__Aim of the task__.
Print, from the listing below, the lines starting at the line containing "Secrid Twinwallet Original" and ending at the line containing "HP Jirachi XY67", exactly as they stand, and print nothing else.

__Available records__.

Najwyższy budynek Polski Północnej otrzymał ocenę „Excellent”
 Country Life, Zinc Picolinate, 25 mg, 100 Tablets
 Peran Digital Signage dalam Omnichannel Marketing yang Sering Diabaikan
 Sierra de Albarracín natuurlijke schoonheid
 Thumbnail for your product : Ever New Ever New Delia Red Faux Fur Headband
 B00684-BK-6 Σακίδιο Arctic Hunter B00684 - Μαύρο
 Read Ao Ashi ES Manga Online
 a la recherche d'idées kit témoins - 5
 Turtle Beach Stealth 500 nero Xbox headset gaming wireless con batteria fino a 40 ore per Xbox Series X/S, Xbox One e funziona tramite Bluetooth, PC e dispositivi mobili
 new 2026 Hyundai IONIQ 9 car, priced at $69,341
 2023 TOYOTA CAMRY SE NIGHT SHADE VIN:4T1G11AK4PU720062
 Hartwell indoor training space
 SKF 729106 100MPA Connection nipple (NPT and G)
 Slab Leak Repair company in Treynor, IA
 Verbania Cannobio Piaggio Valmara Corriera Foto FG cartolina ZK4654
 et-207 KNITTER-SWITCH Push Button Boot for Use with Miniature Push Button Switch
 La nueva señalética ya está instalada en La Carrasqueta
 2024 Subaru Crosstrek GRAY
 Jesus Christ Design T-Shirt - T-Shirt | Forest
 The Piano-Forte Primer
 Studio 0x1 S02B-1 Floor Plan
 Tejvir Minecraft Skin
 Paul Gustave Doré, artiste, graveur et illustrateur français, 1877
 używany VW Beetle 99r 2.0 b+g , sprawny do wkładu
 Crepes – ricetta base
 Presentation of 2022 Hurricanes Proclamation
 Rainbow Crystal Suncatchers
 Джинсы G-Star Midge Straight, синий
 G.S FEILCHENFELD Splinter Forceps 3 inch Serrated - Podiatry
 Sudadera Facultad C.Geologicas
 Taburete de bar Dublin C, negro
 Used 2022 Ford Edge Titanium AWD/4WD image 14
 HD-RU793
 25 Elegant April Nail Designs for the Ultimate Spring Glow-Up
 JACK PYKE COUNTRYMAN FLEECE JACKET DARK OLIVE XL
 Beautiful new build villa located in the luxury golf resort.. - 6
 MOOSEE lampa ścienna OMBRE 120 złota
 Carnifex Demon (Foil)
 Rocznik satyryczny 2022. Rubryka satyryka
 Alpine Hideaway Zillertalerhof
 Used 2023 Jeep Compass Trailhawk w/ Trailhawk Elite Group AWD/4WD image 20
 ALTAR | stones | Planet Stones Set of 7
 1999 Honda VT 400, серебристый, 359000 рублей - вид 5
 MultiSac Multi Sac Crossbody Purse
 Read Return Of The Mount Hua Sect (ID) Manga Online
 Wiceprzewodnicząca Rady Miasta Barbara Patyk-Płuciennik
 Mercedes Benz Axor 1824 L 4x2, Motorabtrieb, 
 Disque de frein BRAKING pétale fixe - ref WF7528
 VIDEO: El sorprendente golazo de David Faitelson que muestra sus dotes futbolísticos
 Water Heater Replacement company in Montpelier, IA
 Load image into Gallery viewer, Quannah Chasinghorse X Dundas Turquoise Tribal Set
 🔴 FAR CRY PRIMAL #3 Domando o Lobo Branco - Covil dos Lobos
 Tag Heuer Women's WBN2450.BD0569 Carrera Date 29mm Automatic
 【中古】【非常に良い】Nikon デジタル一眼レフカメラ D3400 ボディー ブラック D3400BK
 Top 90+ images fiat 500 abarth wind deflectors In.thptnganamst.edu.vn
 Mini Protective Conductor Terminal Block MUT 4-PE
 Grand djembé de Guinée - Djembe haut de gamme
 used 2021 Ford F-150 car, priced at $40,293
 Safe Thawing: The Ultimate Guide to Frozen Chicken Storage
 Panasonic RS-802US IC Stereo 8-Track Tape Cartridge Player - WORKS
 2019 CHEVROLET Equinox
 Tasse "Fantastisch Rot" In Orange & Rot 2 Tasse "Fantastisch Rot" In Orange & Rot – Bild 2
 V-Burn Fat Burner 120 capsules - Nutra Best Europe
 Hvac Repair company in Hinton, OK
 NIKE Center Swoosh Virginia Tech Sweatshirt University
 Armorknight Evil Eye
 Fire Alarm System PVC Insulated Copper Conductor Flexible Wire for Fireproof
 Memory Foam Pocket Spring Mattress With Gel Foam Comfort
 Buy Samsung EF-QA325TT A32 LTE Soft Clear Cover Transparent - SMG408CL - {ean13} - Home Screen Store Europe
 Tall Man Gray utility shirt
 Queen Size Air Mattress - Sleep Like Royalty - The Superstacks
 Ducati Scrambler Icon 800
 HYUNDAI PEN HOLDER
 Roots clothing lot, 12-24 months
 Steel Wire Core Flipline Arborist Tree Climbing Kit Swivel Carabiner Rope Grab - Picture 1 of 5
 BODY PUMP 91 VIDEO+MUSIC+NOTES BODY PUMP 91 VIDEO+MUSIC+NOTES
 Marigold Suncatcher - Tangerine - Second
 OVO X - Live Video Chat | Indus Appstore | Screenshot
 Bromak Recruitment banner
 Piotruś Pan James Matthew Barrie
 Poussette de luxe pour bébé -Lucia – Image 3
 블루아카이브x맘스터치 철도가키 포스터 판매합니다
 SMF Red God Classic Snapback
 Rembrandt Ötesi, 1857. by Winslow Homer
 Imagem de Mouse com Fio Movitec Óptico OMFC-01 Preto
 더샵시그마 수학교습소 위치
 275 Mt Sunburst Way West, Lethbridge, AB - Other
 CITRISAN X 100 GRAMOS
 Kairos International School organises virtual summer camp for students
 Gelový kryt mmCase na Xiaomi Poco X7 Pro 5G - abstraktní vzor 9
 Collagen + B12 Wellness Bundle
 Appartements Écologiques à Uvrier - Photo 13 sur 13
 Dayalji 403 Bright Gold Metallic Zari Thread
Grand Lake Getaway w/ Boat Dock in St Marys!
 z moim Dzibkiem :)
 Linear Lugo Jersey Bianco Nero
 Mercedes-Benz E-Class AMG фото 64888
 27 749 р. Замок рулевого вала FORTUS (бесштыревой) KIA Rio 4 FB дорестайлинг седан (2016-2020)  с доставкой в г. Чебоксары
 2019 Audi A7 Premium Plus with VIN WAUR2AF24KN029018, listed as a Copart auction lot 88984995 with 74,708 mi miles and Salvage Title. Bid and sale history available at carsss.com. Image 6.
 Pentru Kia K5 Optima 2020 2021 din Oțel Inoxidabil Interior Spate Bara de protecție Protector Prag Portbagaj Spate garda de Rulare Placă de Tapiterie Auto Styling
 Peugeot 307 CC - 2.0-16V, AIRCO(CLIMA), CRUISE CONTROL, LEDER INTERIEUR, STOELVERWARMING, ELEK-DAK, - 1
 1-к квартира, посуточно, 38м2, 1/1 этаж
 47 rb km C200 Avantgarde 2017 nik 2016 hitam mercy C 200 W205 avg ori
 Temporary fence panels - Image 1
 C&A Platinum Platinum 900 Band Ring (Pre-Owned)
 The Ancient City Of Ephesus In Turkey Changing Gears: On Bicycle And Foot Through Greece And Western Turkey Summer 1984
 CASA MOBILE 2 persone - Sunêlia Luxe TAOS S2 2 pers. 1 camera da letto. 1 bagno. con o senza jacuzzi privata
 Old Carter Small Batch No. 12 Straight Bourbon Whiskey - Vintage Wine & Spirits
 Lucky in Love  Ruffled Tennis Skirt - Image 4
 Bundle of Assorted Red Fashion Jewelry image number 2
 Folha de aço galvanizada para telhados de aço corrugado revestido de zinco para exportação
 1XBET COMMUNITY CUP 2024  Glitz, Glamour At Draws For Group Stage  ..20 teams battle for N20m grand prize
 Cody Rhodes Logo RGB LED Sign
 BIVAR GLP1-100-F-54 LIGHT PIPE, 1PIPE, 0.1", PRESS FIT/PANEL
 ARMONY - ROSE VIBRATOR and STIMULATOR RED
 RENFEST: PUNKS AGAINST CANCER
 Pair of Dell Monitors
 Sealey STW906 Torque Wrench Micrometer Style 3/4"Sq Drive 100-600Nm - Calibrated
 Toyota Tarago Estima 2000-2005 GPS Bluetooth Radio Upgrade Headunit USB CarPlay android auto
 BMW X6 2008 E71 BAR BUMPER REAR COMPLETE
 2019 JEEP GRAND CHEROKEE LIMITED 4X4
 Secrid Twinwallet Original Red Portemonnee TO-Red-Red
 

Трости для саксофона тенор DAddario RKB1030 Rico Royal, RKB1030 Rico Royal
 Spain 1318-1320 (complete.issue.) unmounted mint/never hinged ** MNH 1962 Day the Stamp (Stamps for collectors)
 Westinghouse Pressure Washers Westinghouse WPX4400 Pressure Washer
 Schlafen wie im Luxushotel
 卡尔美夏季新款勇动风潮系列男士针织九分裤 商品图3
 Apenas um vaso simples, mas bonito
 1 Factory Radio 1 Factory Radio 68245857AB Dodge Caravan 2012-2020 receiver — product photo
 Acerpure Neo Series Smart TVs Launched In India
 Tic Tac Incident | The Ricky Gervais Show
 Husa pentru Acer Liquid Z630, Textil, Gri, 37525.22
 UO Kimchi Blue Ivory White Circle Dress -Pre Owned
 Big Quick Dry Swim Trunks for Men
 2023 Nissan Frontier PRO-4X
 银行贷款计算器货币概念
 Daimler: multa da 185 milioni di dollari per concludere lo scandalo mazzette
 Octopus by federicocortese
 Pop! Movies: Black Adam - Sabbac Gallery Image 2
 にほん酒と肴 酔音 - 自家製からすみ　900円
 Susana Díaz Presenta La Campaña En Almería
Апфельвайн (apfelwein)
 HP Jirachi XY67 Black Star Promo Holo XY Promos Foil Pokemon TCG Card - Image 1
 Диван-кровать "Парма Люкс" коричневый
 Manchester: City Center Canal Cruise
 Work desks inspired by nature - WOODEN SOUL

__Your solution__.
 Secrid Twinwallet Original Red Portemonnee TO-Red-Red
 

Трости для саксофона тенор DAddario RKB1030 Rico Royal, RKB1030 Rico Royal
 Spain 1318-1320 (complete.issue.) unmounted mint/never hinged ** MNH 1962 Day the Stamp (Stamps for collectors)
 Westinghouse Pressure Washers Westinghouse WPX4400 Pressure Washer
 Schlafen wie im Luxushotel
 卡尔美夏季新款勇动风潮系列男士针织九分裤 商品图3
 Apenas um vaso simples, mas bonito
 1 Factory Radio 1 Factory Radio 68245857AB Dodge Caravan 2012-2020 receiver — product photo
 Acerpure Neo Series Smart TVs Launched In India
 Tic Tac Incident | The Ricky Gervais Show
 Husa pentru Acer Liquid Z630, Textil, Gri, 37525.22
 UO Kimchi Blue Ivory White Circle Dress -Pre Owned
 Big Quick Dry Swim Trunks for Men
 2023 Nissan Frontier PRO-4X
 银行贷款计算器货币概念
 Daimler: multa da 185 milioni di dollari per concludere lo scandalo mazzette
 Octopus by federicocortese
 Pop! Movies: Black Adam - Sabbac Gallery Image 2
 にほん酒と肴 酔音 - 自家製からすみ　900円
 Susana Díaz Presenta La Campaña En Almería
Апфельвайн (apfelwein)
 HP Jirachi XY67 Black Star Promo Holo XY Promos Foil Pokemon TCG Card - Image 1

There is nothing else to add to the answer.